» **About this task**
Look below for the line with "Sweden, 10 Kronor, 1977, KM:52d, Undated", then repeat it and all lines after it, exactly, minus any pictures.

» **Information provided**
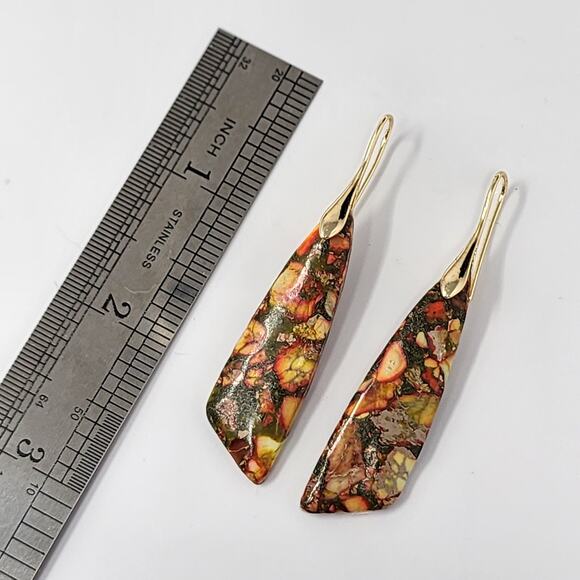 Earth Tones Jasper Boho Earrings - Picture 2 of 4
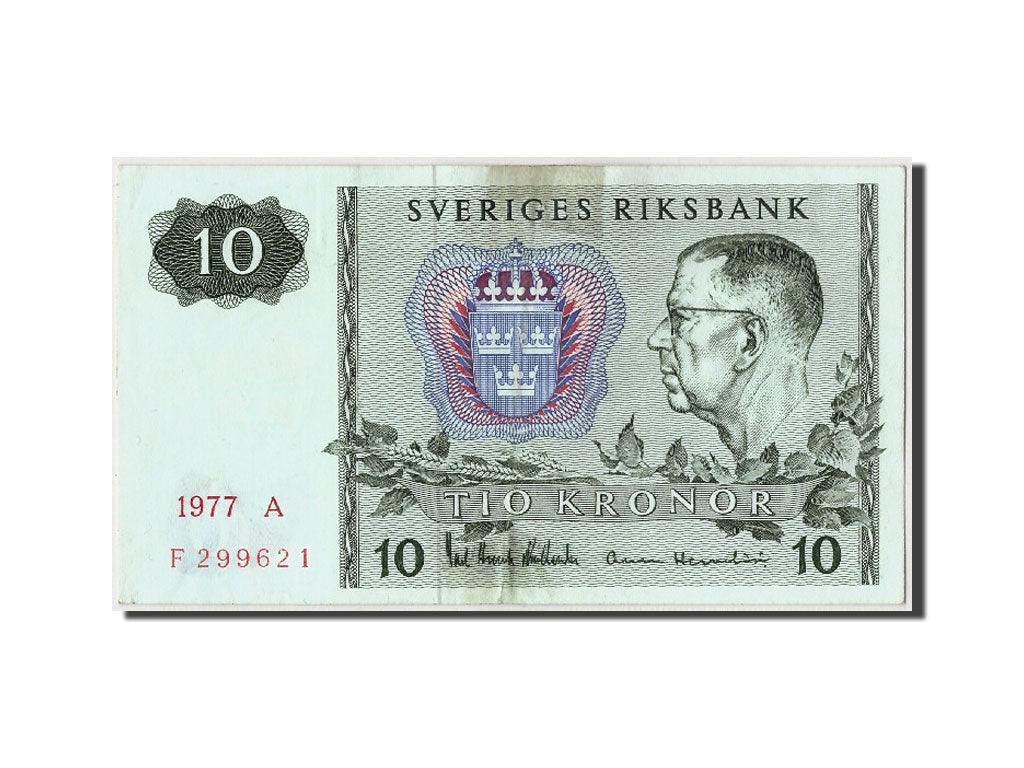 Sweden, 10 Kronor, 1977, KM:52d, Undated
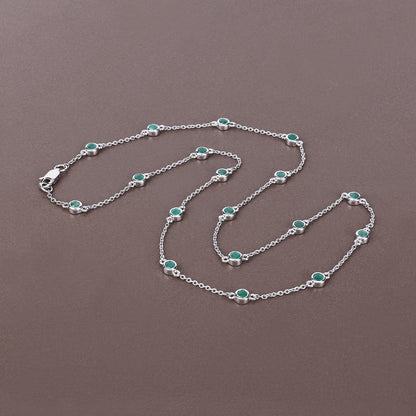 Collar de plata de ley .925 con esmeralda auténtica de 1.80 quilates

» **Exercise output**
 Sweden, 10 Kronor, 1977, KM:52d, Undated
 Collar de plata de ley .925 con esmeralda auténtica de 1.80 quilates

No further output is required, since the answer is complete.